|The use of Incat-built HMAS Jervis Bay by the Royal Australian Navy and Bollinger / Incat USA chartered 96 metre Joint Venture HSV-X1 by the United States military are indicators of how the concept of high speed craft as a multi mission platform is rapidly being embraced by military forces around the world.
In the February 28 edition of Defense Week Daily Update, journalist Nathan Hodge interviews US Navy Admiral Robert Natter, Commander-in-Chief of the Atlantic Fleet, and highlights the growing acceptance of how fast ship technology can be applied to a broad range of military applications.
In a roundtable discussion this morning with reporters, the head of the Navy’s Atlantic fleet gave good marks to a high-speed catamaran the Navy has leased to test new hull design. And he suggested the test ship might serve as a model for a new type of mine-warfare vessel.
Over the past six months, the Navy has been conducting experiments on the Joint Venture, a fast catamaran made in Australia that once served as a car ferry. Adm. Robert Natter, commander in chief of the Atlantic Fleet, said recent fleet exercises had revealed the ship’s military potential.
“I think there are all kinds of applications for this kind of a high-speed, relatively small craft,” he said.
The twin-hull design caught the eye of Navy planners during operations to dispatch peacekeeping troops to East Timor in 1999. Australian peacekeepers used another high-speed ferry, the Jervis Bay, to carry out crucial sealift missions. Natter said he had seen the potential of high-speed vessels [HSVs] when he was commander of the U.S. Seventh Fleet, because the ships were based out of Tasmania.

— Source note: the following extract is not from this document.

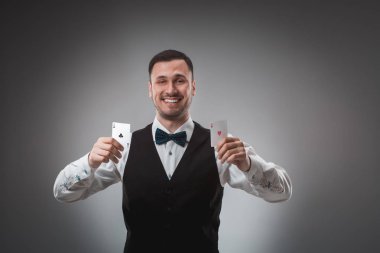 Gömlek ve yelek genç adam onun poker kartları, atış studio gösterir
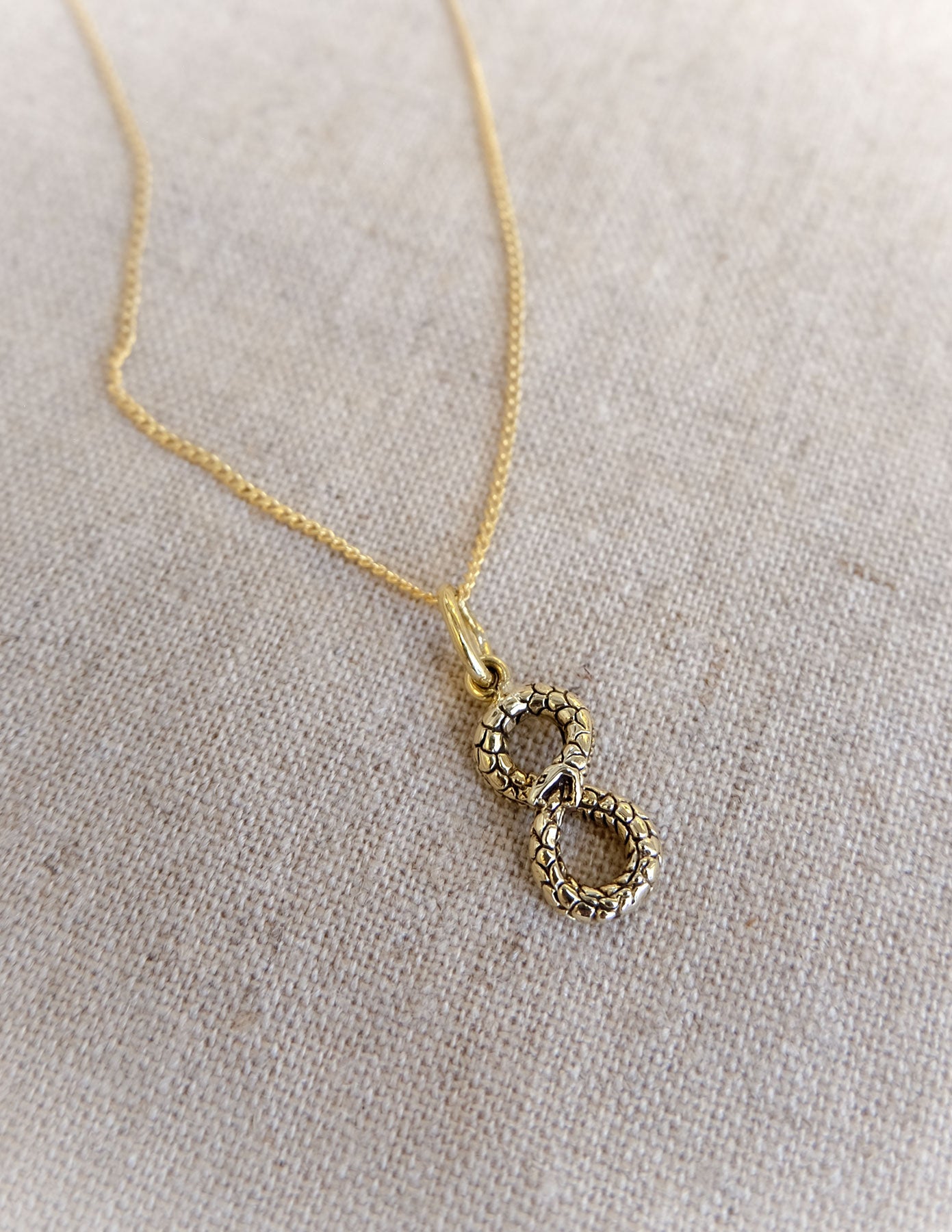 Ouroboros Infinity Charm in Brass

In addition to sealift, Natter said the catamarans could be used for inserting special operations forces along coastal waters, as well as to perform surveillance and command and control missions. He also singled out the vessel’s potential for mine warfare.
On Natter’s recommendation, the Navy recently decided to decommission the USS Inchon (MCS-12), which was damaged last year in a fire. The admiral suggested that a ship such as the Joint Venture might provide a template for a new mine warfare support ship.
“I’m convinced, based on our experiments thus far, that with a little different approach to dedicated mine warfare, that something like a high-speed vessel-and I don’t care whether it’s the HSV that we are leasing or something like that-is the answer,” Natter said. “I can make it work. Somebody’s got to let me buy this thing.”
Natter also addressed concerns that the HSV might not meet the Navy’s requirements for battle survivability: “Because it’s a commercial design, my view is that it doesn’t have to be fully militarized, it’s not going to go in and wage war at sea with other ships, it’s going to support mine warfare operations. It’s not going to be left defenseless if we send it into a theater where there’s a threat to that specific ship.”
In the future, Natter said, the Joint Venture could also provide a model for new ship design.
“We think we can do this better longer term if we’re allowed to take advantage of this sort of technology,” he said.